*** DATASET ENTRIES ***

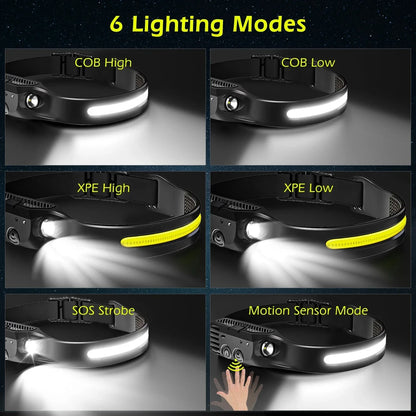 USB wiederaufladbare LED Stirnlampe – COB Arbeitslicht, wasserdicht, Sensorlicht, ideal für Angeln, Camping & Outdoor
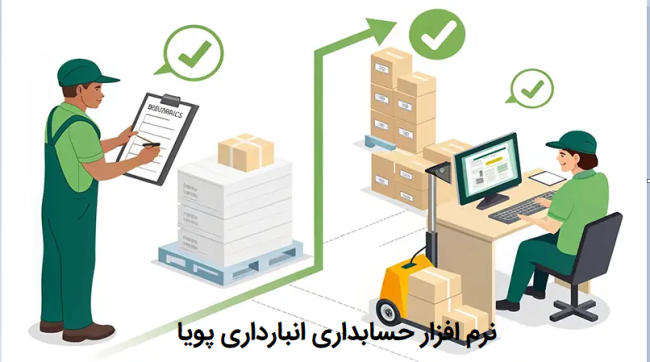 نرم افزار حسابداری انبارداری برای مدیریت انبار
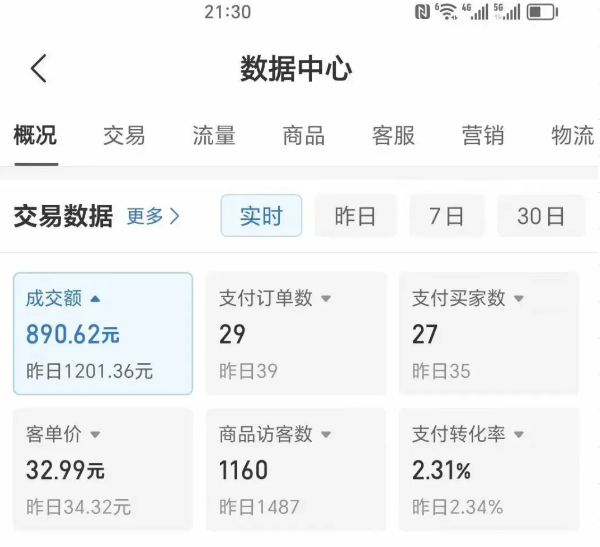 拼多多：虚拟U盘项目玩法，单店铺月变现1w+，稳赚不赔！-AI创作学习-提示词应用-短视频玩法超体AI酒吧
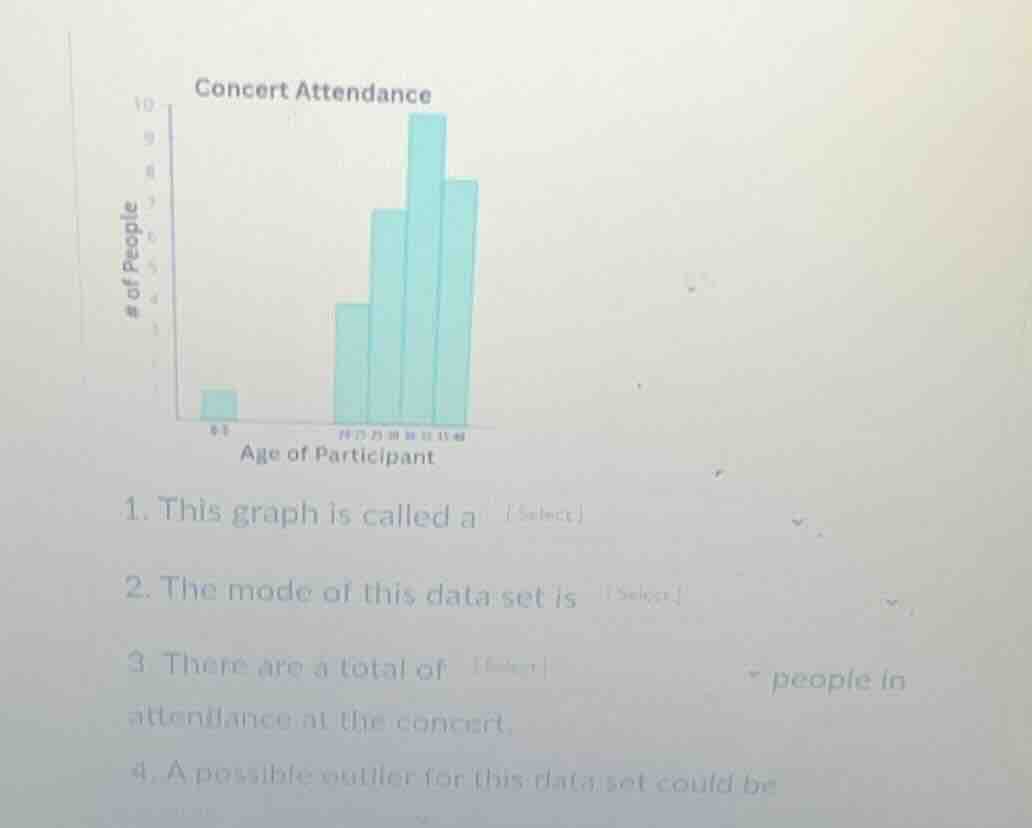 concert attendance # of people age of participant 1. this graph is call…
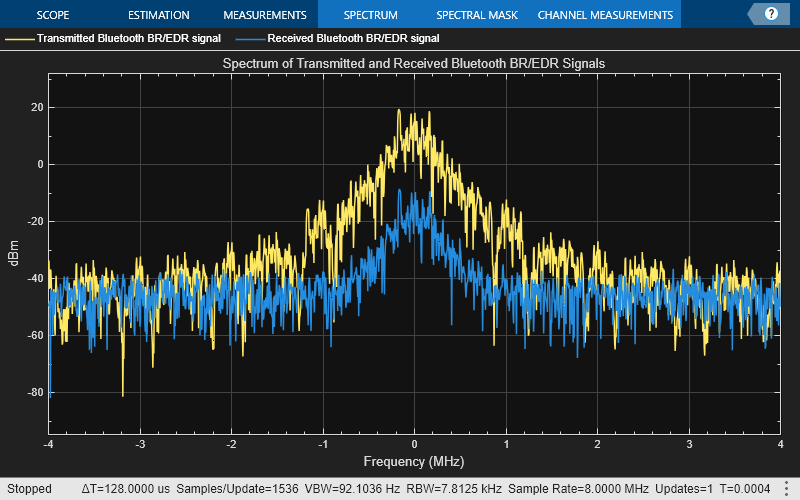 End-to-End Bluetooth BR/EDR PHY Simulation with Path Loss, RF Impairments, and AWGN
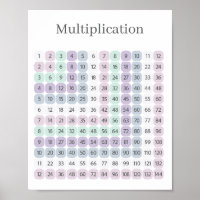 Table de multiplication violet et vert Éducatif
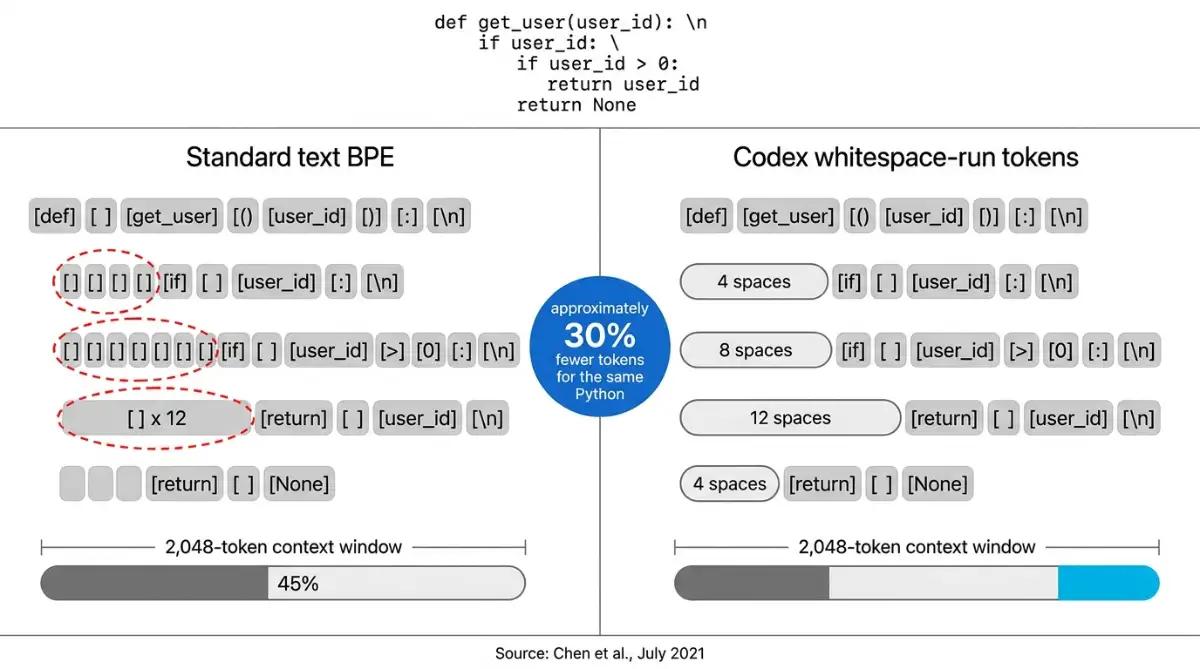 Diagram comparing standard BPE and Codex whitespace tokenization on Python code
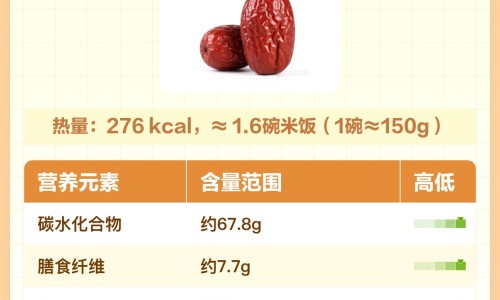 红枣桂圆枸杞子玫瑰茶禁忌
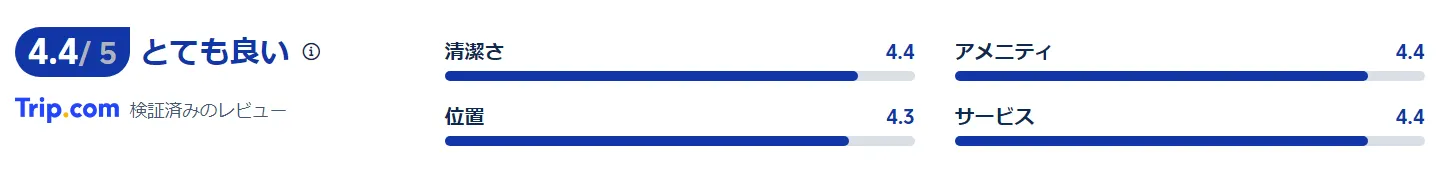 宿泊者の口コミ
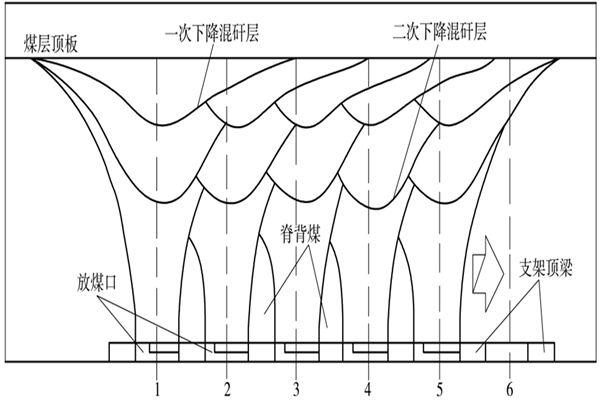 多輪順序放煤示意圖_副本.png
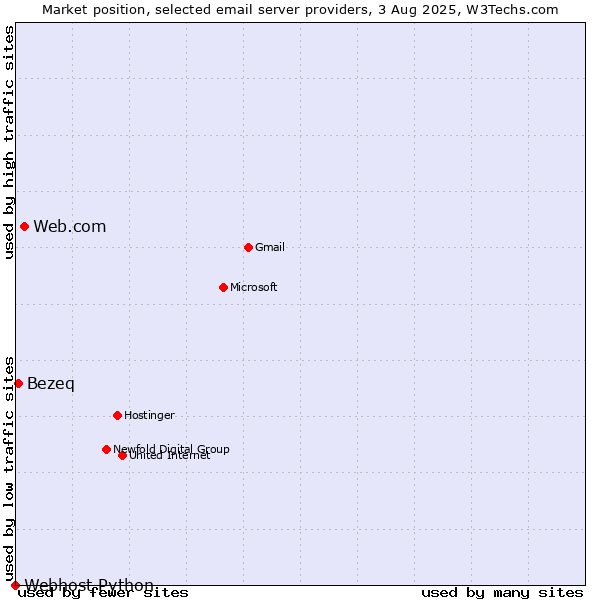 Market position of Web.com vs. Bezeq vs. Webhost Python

***

EXERCISE
Write the material out again exactly as it appears, dropping the pictures.

EXERCISE SOLUTION
 USB wiederaufladbare LED Stirnlampe – COB Arbeitslicht, wasserdicht, Sensorlicht, ideal für Angeln, Camping & Outdoor
 نرم افزار حسابداری انبارداری برای مدیریت انبار
 拼多多：虚拟U盘项目玩法，单店铺月变现1w+，稳赚不赔！-AI创作学习-提示词应用-短视频玩法超体AI酒吧
 concert attendance # of people age of participant 1. this graph is call…
 End-to-End Bluetooth BR/EDR PHY Simulation with Path Loss, RF Impairments, and AWGN
 Table de multiplication violet et vert Éducatif
 Diagram comparing standard BPE and Codex whitespace tokenization on Python code
 红枣桂圆枸杞子玫瑰茶禁忌
 宿泊者の口コミ
 多輪順序放煤示意圖_副本.png
 Market position of Web.com vs. Bezeq vs. Webhost Python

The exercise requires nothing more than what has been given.